WHAT TO DO: Take the entries below and reproduce exactly the portion that begins at the line containing "Ford Mustang Mach-E" and ends at the line containing "The 19th China", keeping both ends, dropping pictures, and adding nothing else.

GIVEN RECORDS:

____

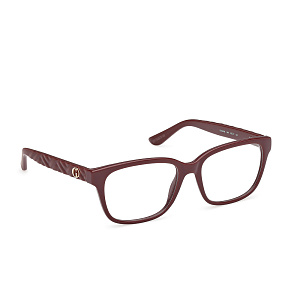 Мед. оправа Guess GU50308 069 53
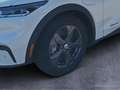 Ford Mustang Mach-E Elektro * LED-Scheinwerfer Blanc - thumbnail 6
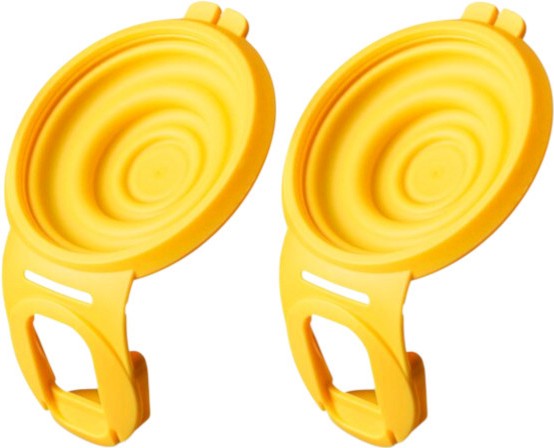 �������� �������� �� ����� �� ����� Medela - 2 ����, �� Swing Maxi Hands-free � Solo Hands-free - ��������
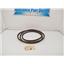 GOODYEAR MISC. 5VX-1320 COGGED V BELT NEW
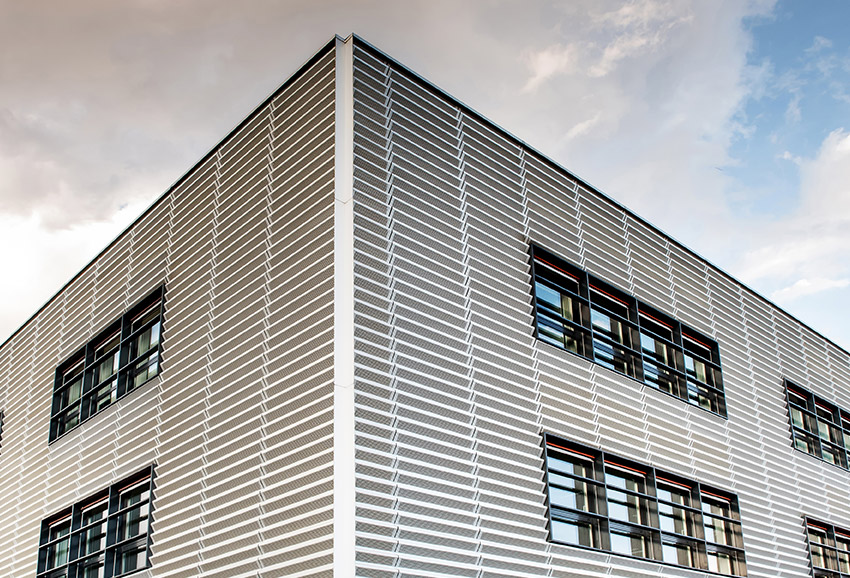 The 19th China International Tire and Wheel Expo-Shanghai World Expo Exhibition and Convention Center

____

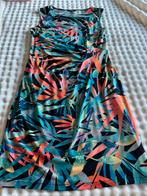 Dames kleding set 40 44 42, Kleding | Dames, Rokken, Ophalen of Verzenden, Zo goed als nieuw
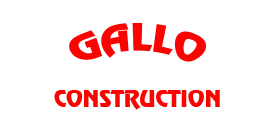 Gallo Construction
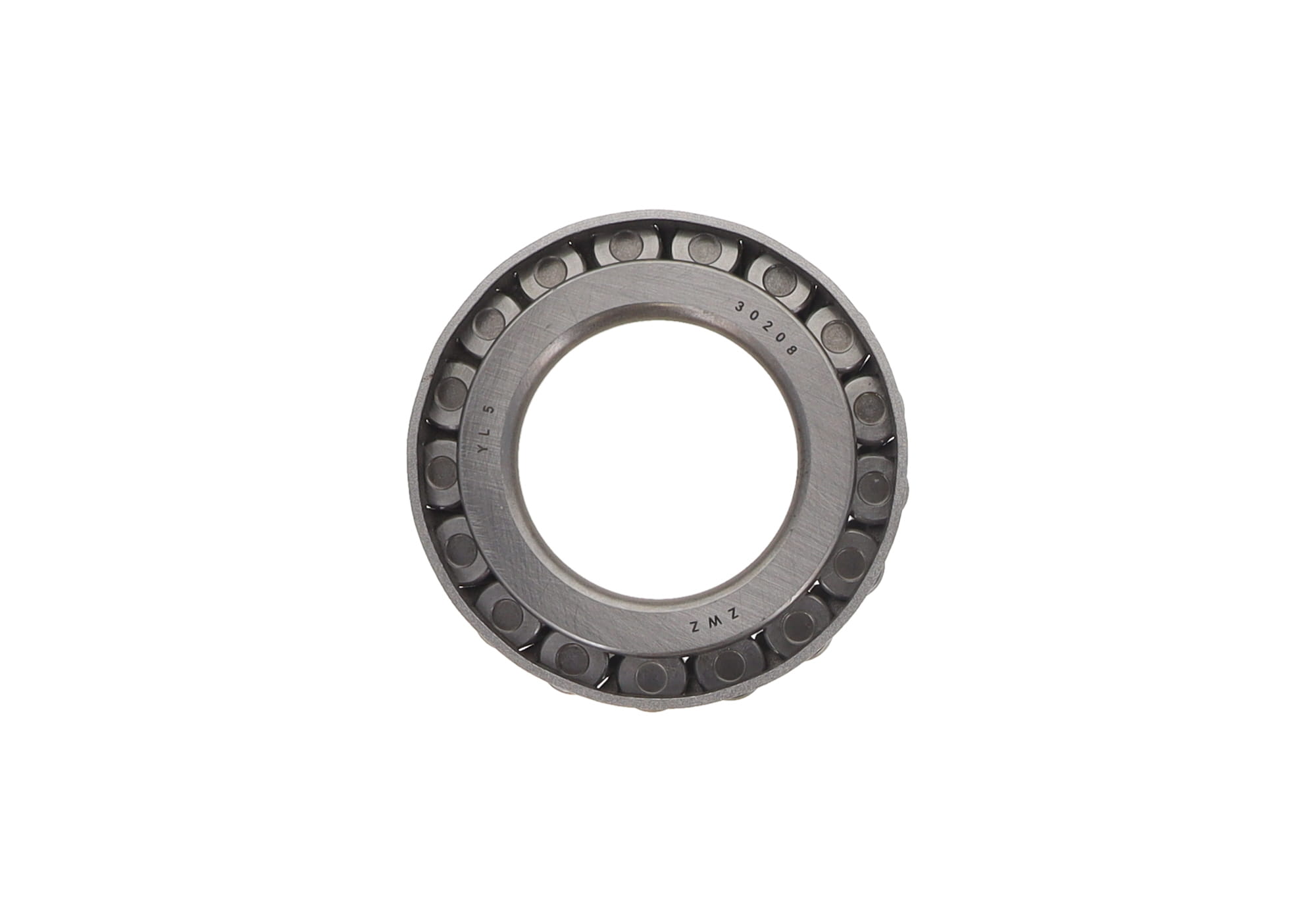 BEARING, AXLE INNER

____

OUTPUT FOR THIS EXERCISE:
 Ford Mustang Mach-E Elektro * LED-Scheinwerfer Blanc - thumbnail 6
 �������� �������� �� ����� �� ����� Medela - 2 ����, �� Swing Maxi Hands-free � Solo Hands-free - ��������
 GOODYEAR MISC. 5VX-1320 COGGED V BELT NEW
 The 19th China International Tire and Wheel Expo-Shanghai World Expo Exhibition and Convention Center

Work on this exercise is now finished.